> ABOUT THIS EXERCISE: Below are the records; extract from them the line containing "Weleda Crema Mani" to the line containing "Gabriel & Co.", both lines included, exactly and with no pictures.

> DATA FOR THIS EXERCISE:

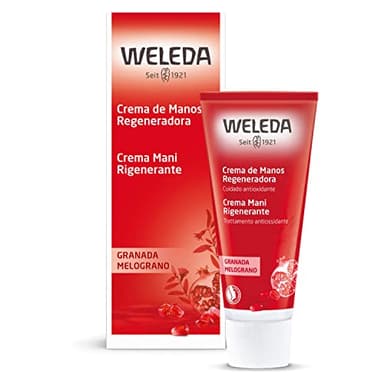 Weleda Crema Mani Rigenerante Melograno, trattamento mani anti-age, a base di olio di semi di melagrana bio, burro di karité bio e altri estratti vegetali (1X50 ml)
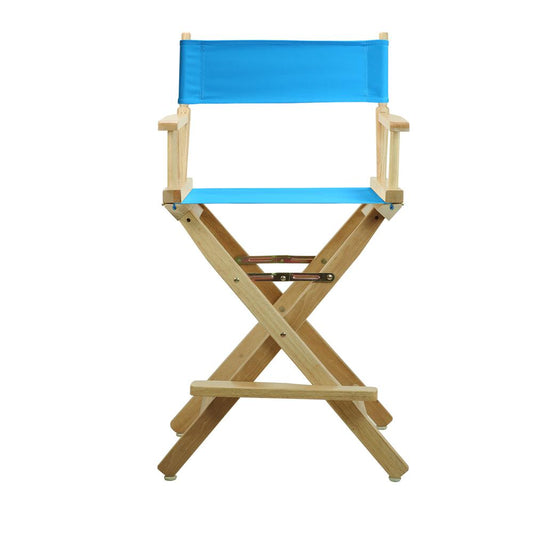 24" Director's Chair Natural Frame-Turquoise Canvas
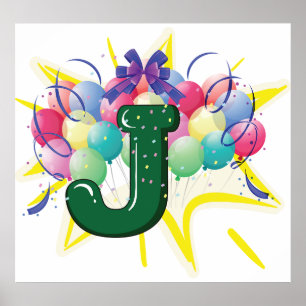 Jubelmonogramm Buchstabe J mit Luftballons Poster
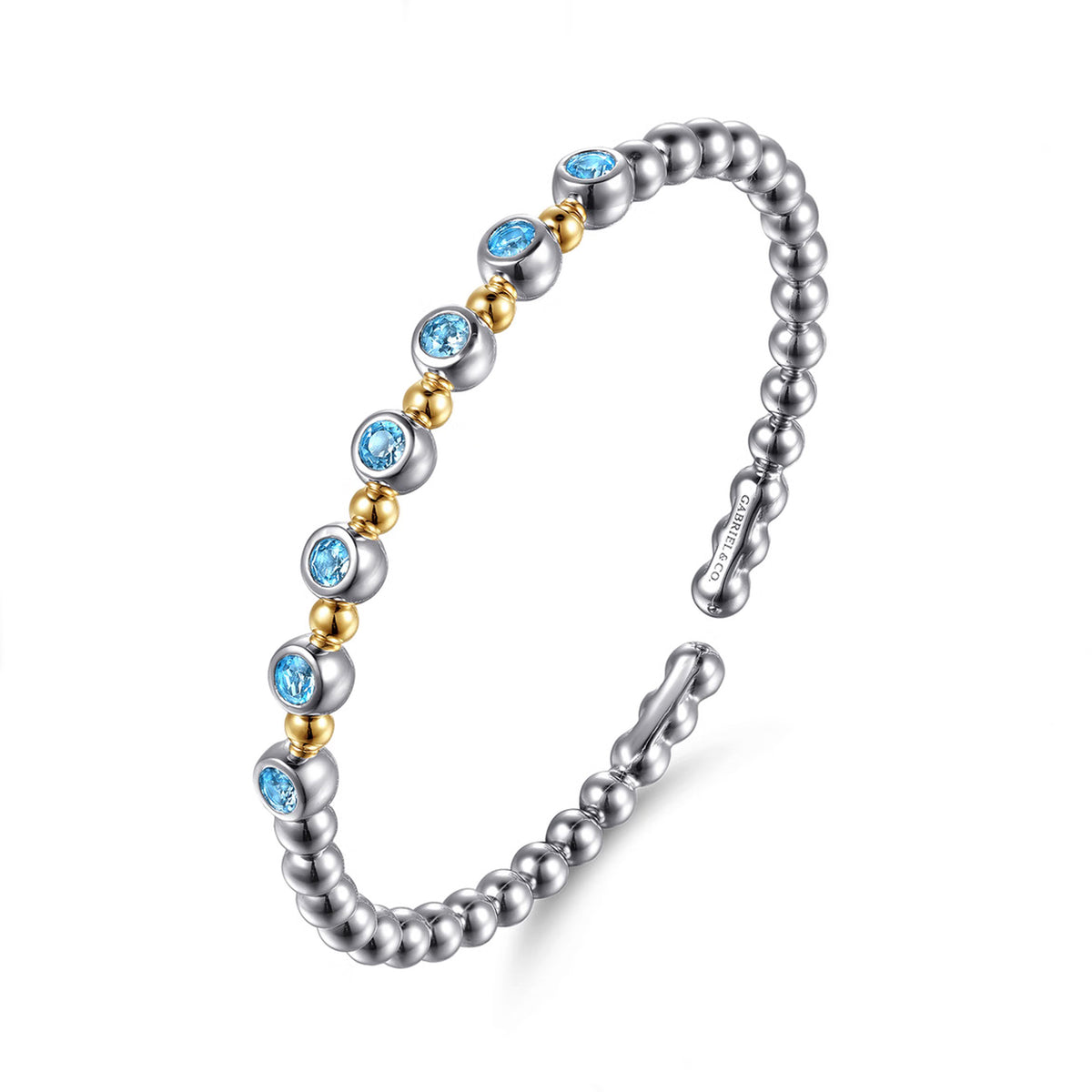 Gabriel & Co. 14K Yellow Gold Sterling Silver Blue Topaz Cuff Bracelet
...
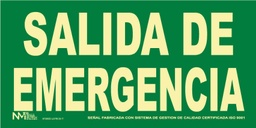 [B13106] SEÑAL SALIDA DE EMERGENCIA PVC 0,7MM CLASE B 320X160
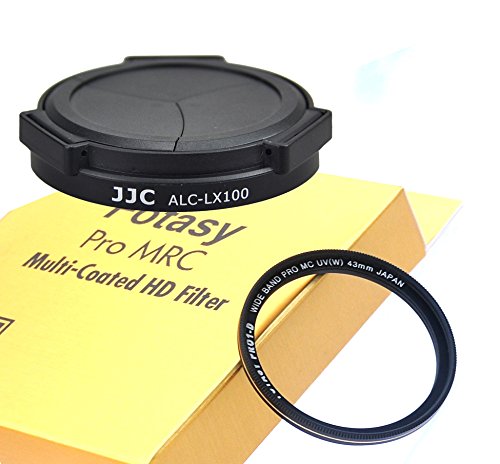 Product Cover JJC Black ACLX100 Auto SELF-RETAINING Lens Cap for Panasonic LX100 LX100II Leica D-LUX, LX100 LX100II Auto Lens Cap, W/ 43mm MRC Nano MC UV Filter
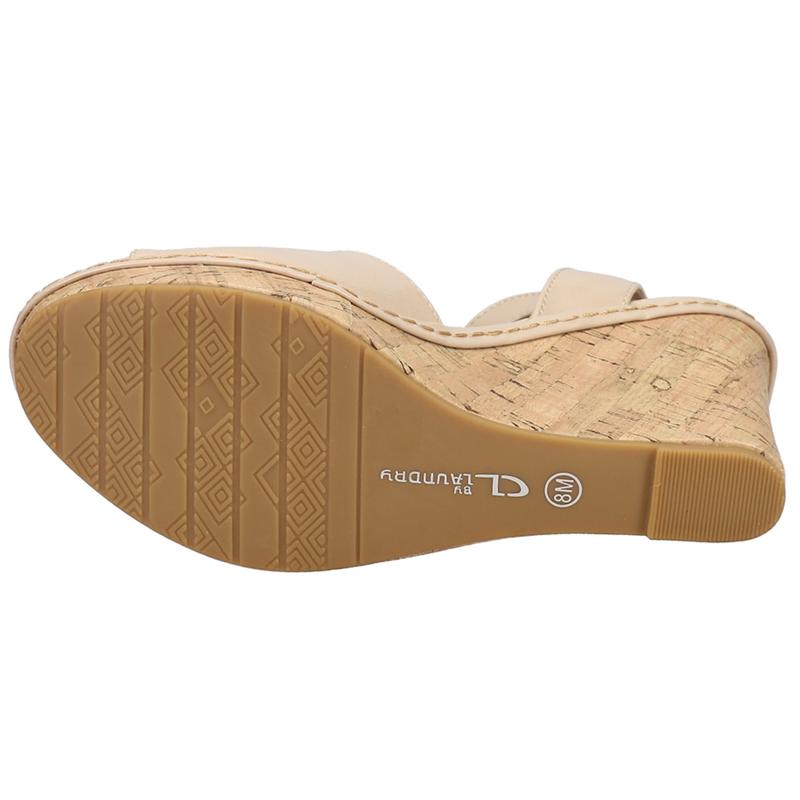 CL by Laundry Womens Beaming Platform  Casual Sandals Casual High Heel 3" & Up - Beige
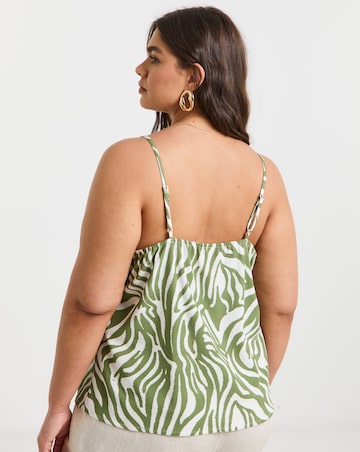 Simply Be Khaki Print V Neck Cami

> TASK SOLUTION:
 Weleda Crema Mani Rigenerante Melograno, trattamento mani anti-age, a base di olio di semi di melagrana bio, burro di karité bio e altri estratti vegetali (1X50 ml)
 24" Director's Chair Natural Frame-Turquoise Canvas
 Jubelmonogramm Buchstabe J mit Luftballons Poster
 Gabriel & Co. 14K Yellow Gold Sterling Silver Blue Topaz Cuff Bracelet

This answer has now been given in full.